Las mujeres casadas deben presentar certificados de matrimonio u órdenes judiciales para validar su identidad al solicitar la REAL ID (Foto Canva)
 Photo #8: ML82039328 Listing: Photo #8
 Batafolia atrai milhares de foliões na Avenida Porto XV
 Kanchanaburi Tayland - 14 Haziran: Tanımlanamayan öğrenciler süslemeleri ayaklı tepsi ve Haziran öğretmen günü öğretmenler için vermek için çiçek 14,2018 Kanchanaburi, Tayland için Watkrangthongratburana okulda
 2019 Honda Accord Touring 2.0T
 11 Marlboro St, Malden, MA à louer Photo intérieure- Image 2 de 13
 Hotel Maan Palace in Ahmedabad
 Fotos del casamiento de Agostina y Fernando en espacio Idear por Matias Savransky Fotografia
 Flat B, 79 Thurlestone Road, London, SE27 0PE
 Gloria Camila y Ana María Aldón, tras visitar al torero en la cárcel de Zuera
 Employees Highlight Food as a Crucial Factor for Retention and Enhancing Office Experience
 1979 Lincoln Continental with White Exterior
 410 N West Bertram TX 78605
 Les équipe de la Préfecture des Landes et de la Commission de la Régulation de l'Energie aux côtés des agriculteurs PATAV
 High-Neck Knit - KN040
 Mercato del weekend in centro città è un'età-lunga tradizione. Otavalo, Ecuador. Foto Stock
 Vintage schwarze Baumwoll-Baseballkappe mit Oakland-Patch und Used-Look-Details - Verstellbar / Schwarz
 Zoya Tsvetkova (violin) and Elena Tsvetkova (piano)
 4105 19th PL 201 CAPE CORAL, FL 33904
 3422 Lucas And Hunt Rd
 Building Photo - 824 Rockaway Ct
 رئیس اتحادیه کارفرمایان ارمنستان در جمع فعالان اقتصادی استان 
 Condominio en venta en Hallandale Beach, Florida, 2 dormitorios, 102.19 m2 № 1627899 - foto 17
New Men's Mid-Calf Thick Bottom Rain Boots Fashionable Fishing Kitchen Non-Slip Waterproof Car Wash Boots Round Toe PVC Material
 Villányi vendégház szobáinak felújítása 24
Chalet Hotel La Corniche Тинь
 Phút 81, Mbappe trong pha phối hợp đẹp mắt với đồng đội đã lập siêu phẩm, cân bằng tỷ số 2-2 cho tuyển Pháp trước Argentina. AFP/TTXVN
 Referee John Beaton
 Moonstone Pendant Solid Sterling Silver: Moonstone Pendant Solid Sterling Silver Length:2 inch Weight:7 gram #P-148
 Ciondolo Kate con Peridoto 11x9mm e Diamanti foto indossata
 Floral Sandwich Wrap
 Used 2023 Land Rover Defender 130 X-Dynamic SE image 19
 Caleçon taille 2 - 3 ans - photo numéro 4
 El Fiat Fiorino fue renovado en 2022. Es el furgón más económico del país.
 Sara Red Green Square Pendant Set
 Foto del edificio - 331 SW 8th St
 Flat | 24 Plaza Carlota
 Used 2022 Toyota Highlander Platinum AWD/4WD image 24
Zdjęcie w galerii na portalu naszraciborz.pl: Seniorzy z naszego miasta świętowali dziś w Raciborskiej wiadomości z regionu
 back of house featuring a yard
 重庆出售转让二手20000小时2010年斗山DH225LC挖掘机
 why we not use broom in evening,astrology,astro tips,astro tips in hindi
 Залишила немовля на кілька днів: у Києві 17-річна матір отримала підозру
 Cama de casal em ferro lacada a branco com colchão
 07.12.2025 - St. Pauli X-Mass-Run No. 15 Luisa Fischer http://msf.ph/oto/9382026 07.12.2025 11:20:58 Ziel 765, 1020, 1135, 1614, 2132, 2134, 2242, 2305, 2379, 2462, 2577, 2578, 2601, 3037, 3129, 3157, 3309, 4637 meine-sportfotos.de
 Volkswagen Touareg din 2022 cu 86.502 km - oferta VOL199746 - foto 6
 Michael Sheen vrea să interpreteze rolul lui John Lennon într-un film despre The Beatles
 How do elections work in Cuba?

====

- _PROBLEM REQUIREMENTS_
Gather every line from the listing above in which the word "Hotel" appears.

- _THE COMPLETED TASK_
 Hotel Maan Palace in Ahmedabad
Chalet Hotel La Corniche Тинь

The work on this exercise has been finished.